Following the important lesson from [47], we use the Weyl covariant derivative to identify the allowed terms in the gradient expansion. We implement the covariant derivative using the minimal coupling prescription \(\partial _\mu \phi \rightarrow (\partial _\mu + w \mathcal {A_\mu })\phi \), which requires a Weyl connection [48]. In this manner, we ensure that all gradients we build transform as covariant tensor densities under Weyl scaling, preserving the scaling dimension of the zeroth-order degree of freedom. For each correction in the derivative expansion, we can fit the appropriate scaling dimension by factoring powers of temperature (or entropy).

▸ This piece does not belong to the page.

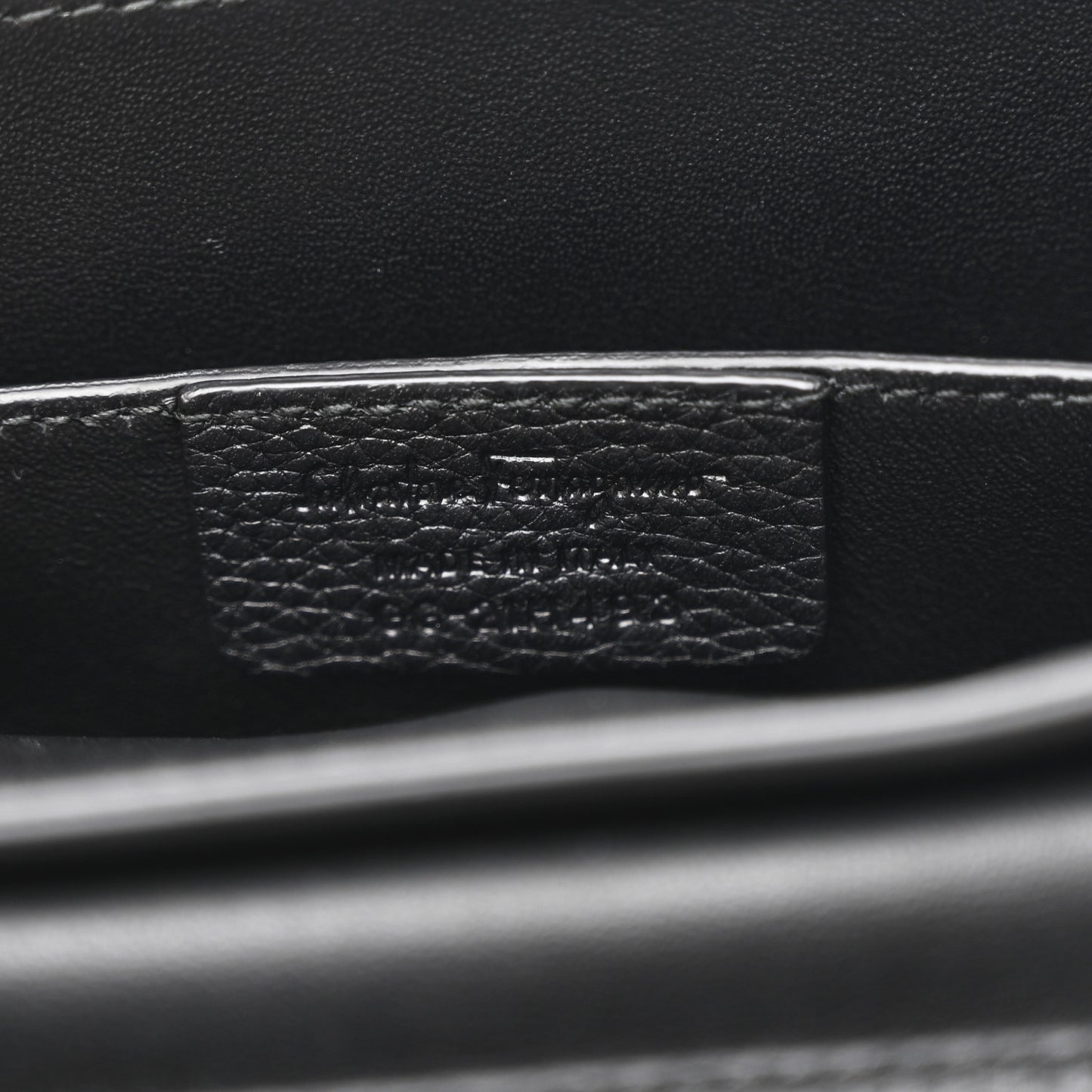 Calfskin Small Margot Top Handle Satchel Black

We denote the Weyl-covariant derivative of an arbitrary tensor with arbitrary rank \(\psi \) by \(\mathcal {D}_\alpha \psi \). Let \(\phi \) be a scalar density of conformal weight \(w_\phi \) and \(l^\alpha \) be a vector density of conformal weight \(w_l\). Their respective Weyl covariant derivatives can be expressed as

$$\begin{aligned} \mathcal {D}_\alpha \phi&= \partial _\alpha \phi + w_\phi \mathcal {A}_\alpha \phi ,\nonumber \\ \mathcal {D}_\beta l^\alpha&= \nabla _\beta l^\alpha + w_l\mathcal {A}_\beta l^\alpha + \left( l^\alpha \mathcal {A}_\beta + \delta ^\alpha _\beta l^\sigma \mathcal {A}_\sigma - l_\beta \mathcal {A}^\alpha \right) . \end{aligned}$$
(75)

In the realm of hydrodynamics, the Weyl connection can be ascertained either by ensuring that the covariant derivative of the velocity field is transverse and traceless or by observing that certain first-order derivative combinations transform as a connection under Weyl scaling [47]. Both approaches lead to the same Weyl connection for a fluid with a tangent vector field \(u^\alpha \):

$$\begin{aligned} \mathcal {A}_\alpha = u^\beta \nabla _\beta u_\alpha - \frac{\Theta }{d-1}u_\alpha . \end{aligned}$$
(76)

The concept of a Weyl connection, as defined in Ref. [49], aligns perfectly with the result of employing the minimal coupling prescription [48, 50] in the Christoffel symbol by substituting \(\partial _\gamma g_{\alpha \beta } \) with \(\partial _\gamma g_{\alpha \beta } + 2\mathcal {A}_\gamma g_{\alpha \beta }\). Here, we refer to the Weyl connection as the vector field \(\mathcal {A}_\alpha \). It is crucial to emphasize that once a Weyl connection is established, the Weyl covariant derivative is always precisely defined through minimal coupling. By design, Weyl covariance is thus guaranteed for any gradient order. This step is pivotal in obtaining the gradient expansion of a conformal fluid. Our ultimate goal is to formulate both the energy–momentum tensor and the matter current up to the third order in the gradient expansion.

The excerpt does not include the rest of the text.